Any pictures in the records below must be left out when you repeat the lines from the line containing "Radiaatori iluliist CV4416613AA" through the line containing "和田玉未镶嵌珠宝半成品" exactly.

▸ **STORED DATA**:

=== Section Start ===

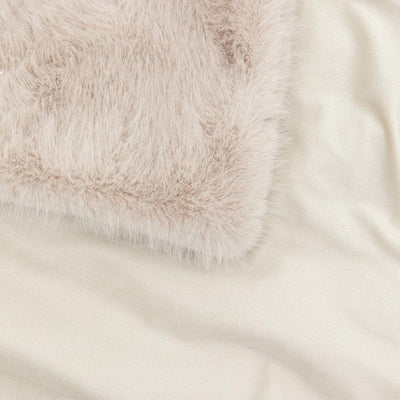 Maple Faux Fur Throw Large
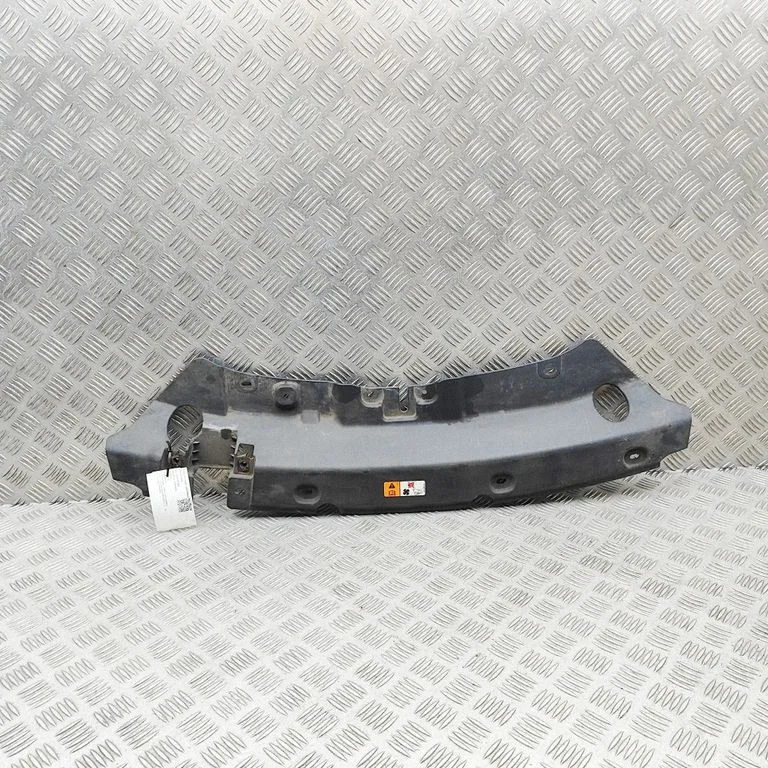 Radiaatori iluliist CV4416613AA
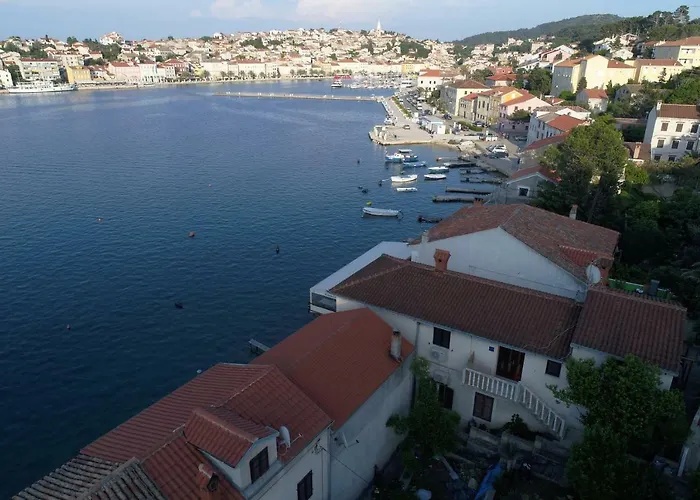 Pleasant With Seaview Apartment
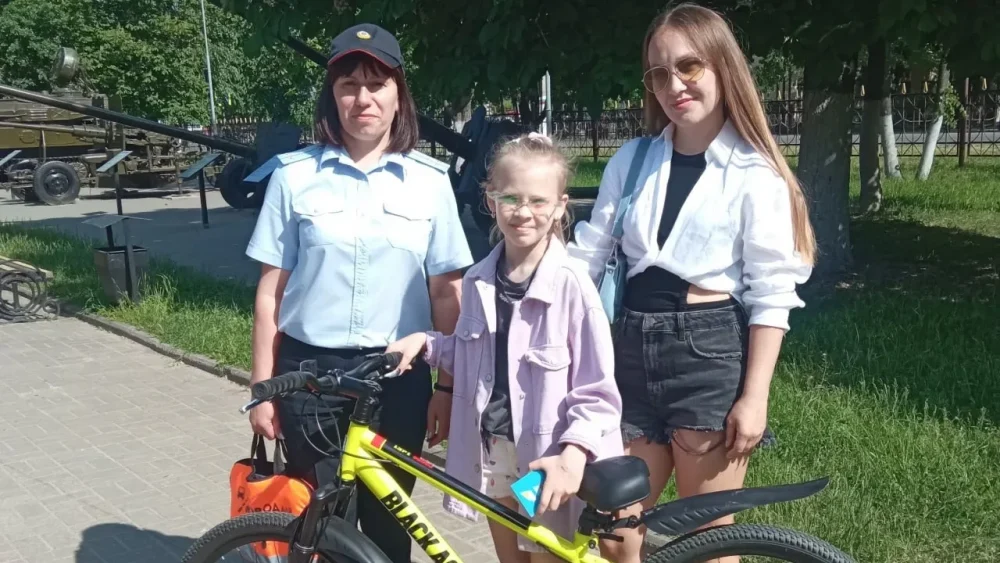 Брянские автоинспекторы провели экспресс-курсы дорожной грамотности для детей и родителей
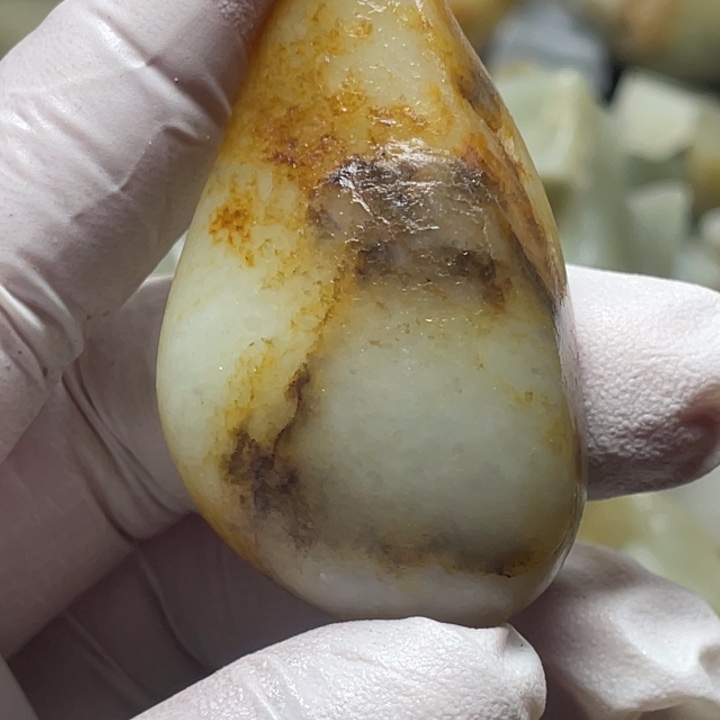 和田玉未镶嵌珠宝半成品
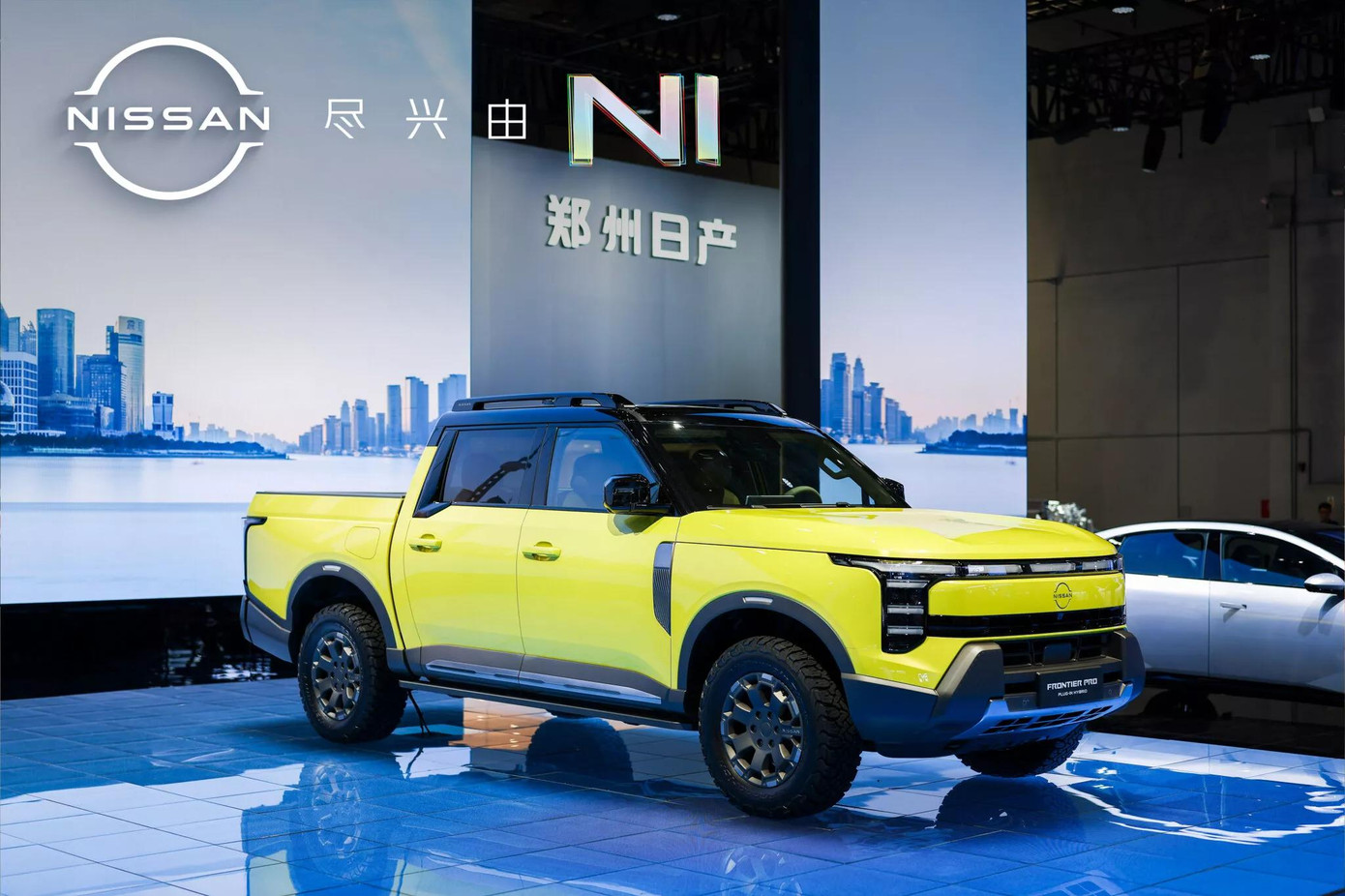 Frontier Pro - mẫu bán tải plug-in hybrid (PHEV) đầu tiên của Nissan là sản phẩm hợp tác với Dongfeng. Xe được trang bị động cơ 1.5L tăng áp kết hợp mô-tơ điện, cung cấp công suất tối đa 402 mã lực và mô-men xoắn cực đại 800 Nm. Phạm vi hoạt động thuần điện tối đa 135 km (theo chuẩn CLTC).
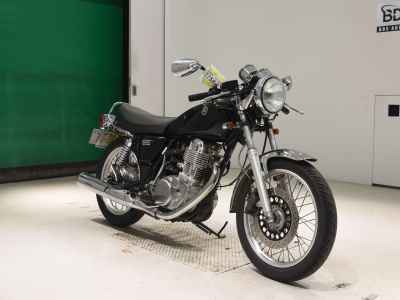 Yamaha SR400 2017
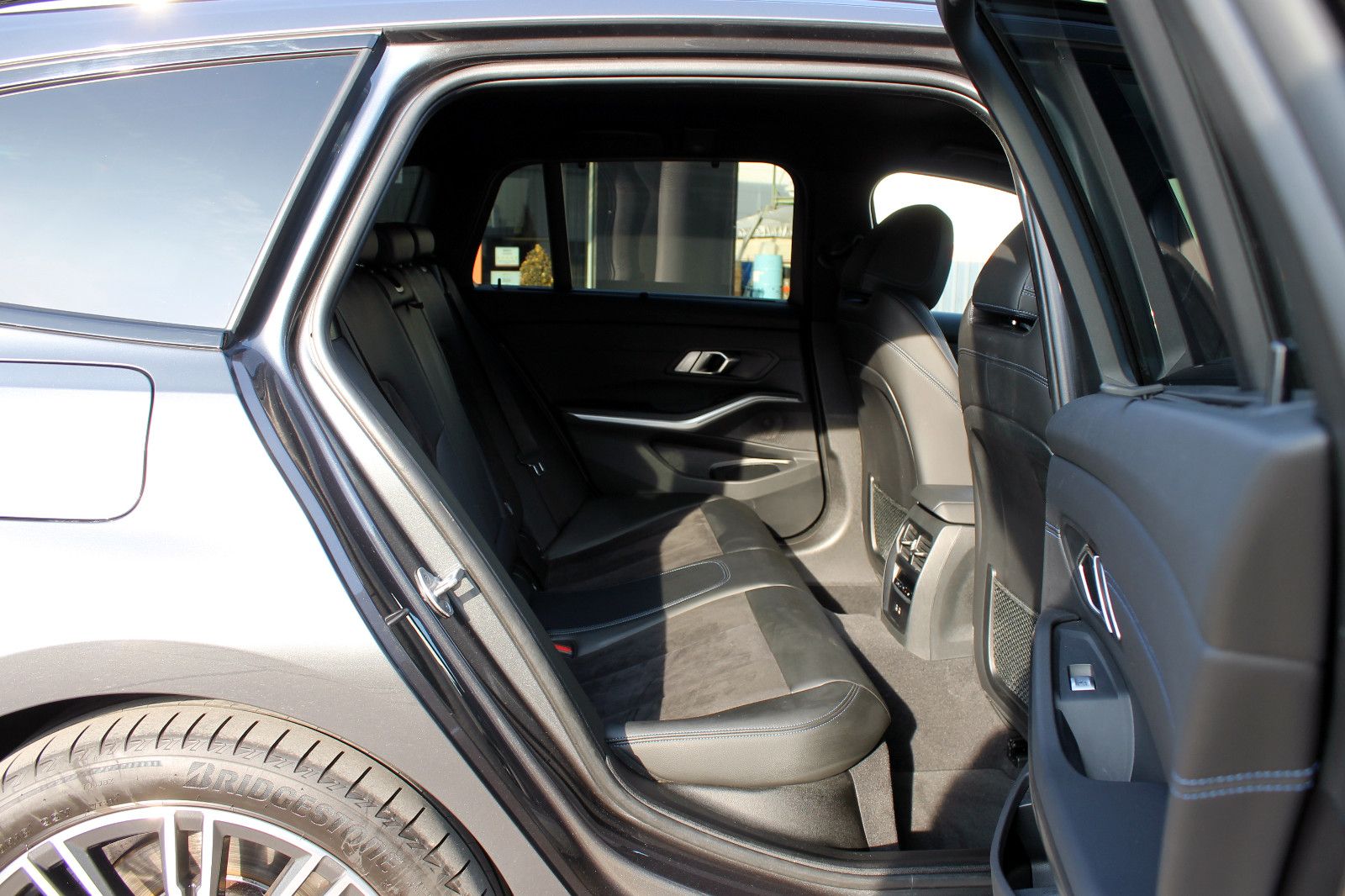 Fahrzeugabbildung BMW 330e Touring M-Sport Steptr Nav ACC LED PDC 360°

=== Section End ===

▸ **TASK SOLUTION**:
 Radiaatori iluliist CV4416613AA
 Pleasant With Seaview Apartment
 Брянские автоинспекторы провели экспресс-курсы дорожной грамотности для детей и родителей
 和田玉未镶嵌珠宝半成品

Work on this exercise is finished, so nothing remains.